Saturday, June 30, 2007

The Alaska Inside Passage 

During the day, the ship entered the sheltered waters along the coast of British Columbia, and the ship rocked less. We glided along, past Price Rupert, trundling ever northward and toward another time zone. We are now 650 miles from Seattle, where we started.

The 30-foot wave experience makes these 10 foot waves seem like a kiddy pool. No, actually, you can't even walk down the corridor, the boat is pitching so much.

The days grow longer and longer, now with only four hours of darkness.

posted 2:34 PM

Thursday, June 28, 2007

Leaving for Alaska on 30 Foot Waves 

My ship departed from Seattle, on its way to Alaska. We glided along the Strait of Juan de Fuca, seeing the Olympic Mountains rising from the Olympic Peninsula. The partly cloudy sky meant a few rays of sun warming my back as we motored toward the open ocean.

But this delightful beginning to the journey didn't stay that way....you know it's bad when the sea becomes so rough that the swimming pool on the top deck is actually losing all its water because it's sloshing up and outside the confines of the pool. And so it was on our first night at sea -- thirty foot waves that had the ship lurching and lunging, completely submerging my portal. A couple times, and I am not kidding, the ship pitched down so abruptly I actually got air, like a skateboarder sailing off the top of a half-pipe. Seasick bags were stacked in every corridor. It was a rough night.

Toward midnight, I crossed the swimming pool deck as waves waged like tsunamis inside them, the deck coursing with water. Rain-battered workers tried to place nets over the surfaces of the pools.

posted 2:35 AM

Sunday, June 24, 2007

Crossing from Bainbridge Island 

I left Olympic National Park, ready to make my way toward Seattle and the port from which I leave for Alaska. Bainbridge Island, Washington, covered in pine forests, lay misty in the rain as we drove through its darkening streets. I arrived at the ferry at dark. From the observation deck, I watched the approach of Seattle, leaving behind the silent, dark islands of the Olympic Peninsula for the twinkling, almost magical lights of the city. The Space Needle rose strikingly from the cityscape, the lights gleaming out over the water. Seeing the city like that, so quiet from a distance, twinkling over the dark waters, lent it the appearance of a fairy city, a magical citadel in the forest.

posted 3:06 AM

Wednesday, June 20, 2007

Return to Hurricane Ridge 

Today I returned to Hurricane Ridge and decided on the Hurricane Ridge Trail, which climbs through steep wildflower-covered meadows. Purple and white flox, vivid scarlet and orange Indian paintbrush, sapphire larkspur and purple lupine covered the green slopes.

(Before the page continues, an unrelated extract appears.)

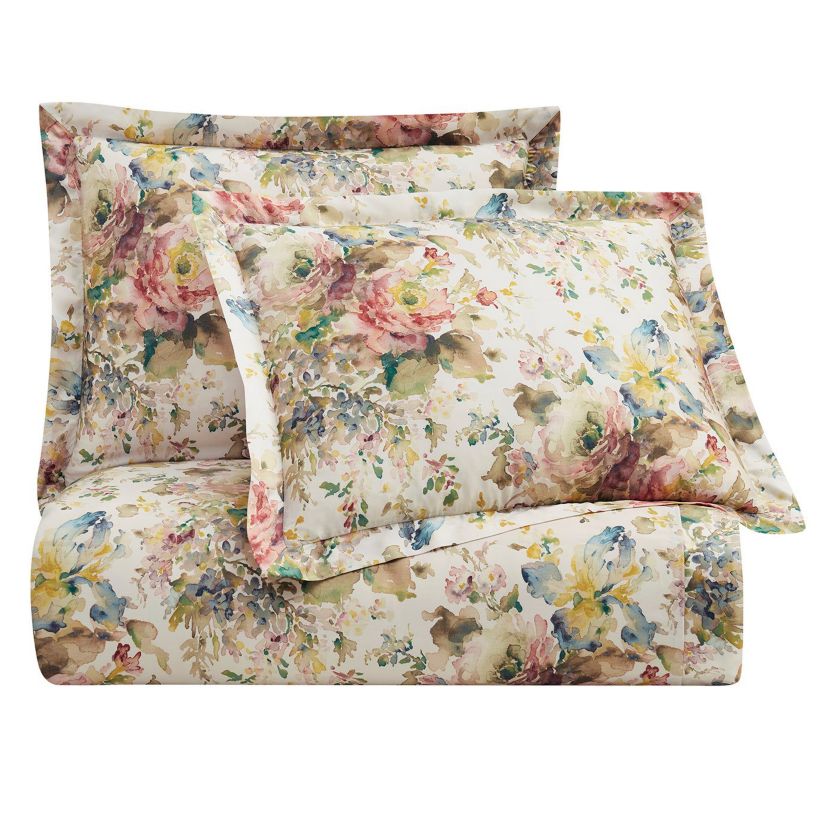 Jardin Lyocell Watercolor Floral Comforter Set, 3-Piece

As I hiked, the cool wind whipping from the steep valleys below, twice I spied black bears meandering on nearby slopes, searching for roots and tubers. One of the bears, exhausted from his effort and climb, flopped down in a patch of snow, panting on his side before resuming his forage. The trails are still very snowy here (in the photo below, see the trail heading off to the right).

Black-tailed deer, unafraid of humans in this protected area, passed solemnly by me on the trail, walking mere feet away. The rich scent of pine and crisp mountian air filled the wind, that specific and sweet smell of the subalpine zone that I love so much.

Clouds drifted and filled the valleys far below, sometimes revealing a peak, othertimes veiling one. Clouds whipped by around me, enveloping me in ethereal mists.

posted 10:36 PM

Off On A New Adventure! 

I'm on a new adventure, this time through the Pacific Northwest, then up to Alaska. I'm camped in Olympic National Park, right on a roaring white water river. The view is amazing.

In this park lies Hurricane Ridge, a subalpine zone overlooking the jagged, glacier-laden peaks of the Olympic Mountains. I've been longing to return here to hike. In June, snow still lingered on many of the hiking trails that leave from this gorgeous spot.

I decided on the Summit Trail. Many clouds filled the valleys below me, sometimes making it seem like I stood on the edge of the earth.

A snowshoe hare munched on some greenery and then darted across a snowfield. The sun set behind the mountains, creating alpenglow, that amazing rose-colored light, which bathed the mountains in the east.